BRANDED: Minnesota is the model for gray wolf management

By Rep. Pete Stauber (MN-08)

BRANDED: Minnesota is the model for gray wolf management
By Rep. Pete Stauber (MN-08)

Western Caucus Members are highlighting the need to modernize the Endangered Species Act (ESA) this week to empower those that know best, including states, private landowners, and job creators, to protect wildlife and live our way of life without the intrusion of faraway bureaucrats. Managing gray wolf populations, for example, is always top of mind for my northern Minnesota district.
 
Minnesota is the model for gray wolf management. Gray wolves were never extinct in Minnesota, and we currently estimate our population at over 2,700 gray wolves, while the ESA Recovery Plan goal for our state is 1,400. In fact, we have more wolves than the rest of the lower 48 states combined. Only Alaska, the last frontier, has more.
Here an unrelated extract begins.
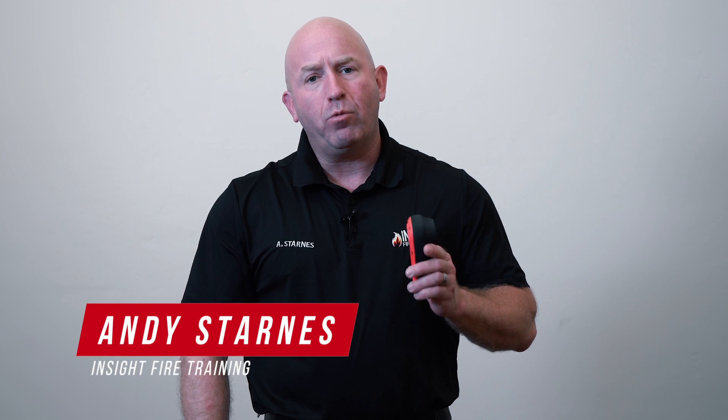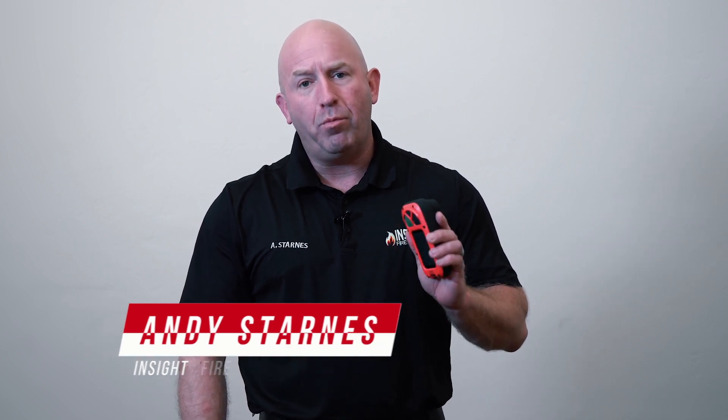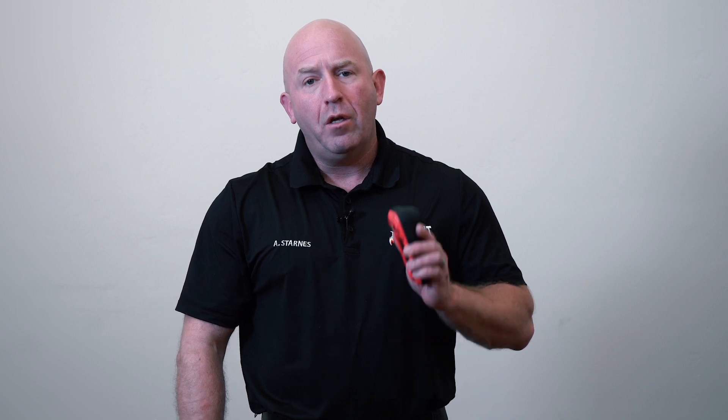Welcome to our mini-series. We're going to talk to you today about what to look for in a situational awareness camera. This is sponsored by Seek Thermal, and we want you to realize what a situational awareness camera is first. These devices are designed to prevent firefighter disorientation, but can be used for so much more. What we want you to understand is that a situational awareness camera is to help you as a firefighter, but not hinder you.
And, in 2013, nearly a decade ago, the Minnesota Department of Natural Resources removed the gray wolf from its “special concern status,” and held several successfully managed wolf hunts with lottery systems.
 
The Clinton, Bush, Obama, Trump, and Biden Administrations, along with our very own Department of Natural Resources (DNR), have all agreed: it is a scientific fact that the gray wolf has recovered. According to the below chart provided by the DNR, the gray wolf population is thriving in Minnesota. However, this has not stopped well-funded, radical, activist groups from fighting against science to keep the gray wolf on the endangered species list in Minnesota, putting our deer herd and livestock farmers at risk.
 


Source: Minnesota Department of Natural Resources

 
Most recently, a liberal California judge, in the bluest state in the nation that’s roughly double the size of Minnesota, yet with 270 times fewer gray wolves in existence, relisted the gray wolves under the ESA, taking away our own power to manage populations.
 
We have the scientists, know-how, and experience to responsibly manage the gray wolf, including implementing a hunting and trapping season. This is our way of life in Minnesota, and if wolves are above their ESA targets, which they are, federal bureaucrats in Washington, D.C. or judges in California, should not be able to take away our management powers, just because of their ideological views, or because they want to give favors to radical activist groups.
 
It’s far past time to get the Federal government out of the way and allow state and local authorities to manage our gray wolf populations.
 
In order to accomplish this, we need to modernize the ESA. That’s why I introduced the Manage Our Predators Act with my neighbor to the east, Rep. Tom Tiffany, which removes the ability for these judges from faraway places to dictate how we manage the wildlife in our own backyard.
 
The ESA as it’s written has failed America and its species. It’s instead abused by the wealthy green lobby as a cash fund for lawyers. Although our commonsense bill is a small step forward, I hope we build on this reform to make the ESA work for people and animals once again.
 
Actions like these are critical to both protecting our species and the livelihoods of the American people.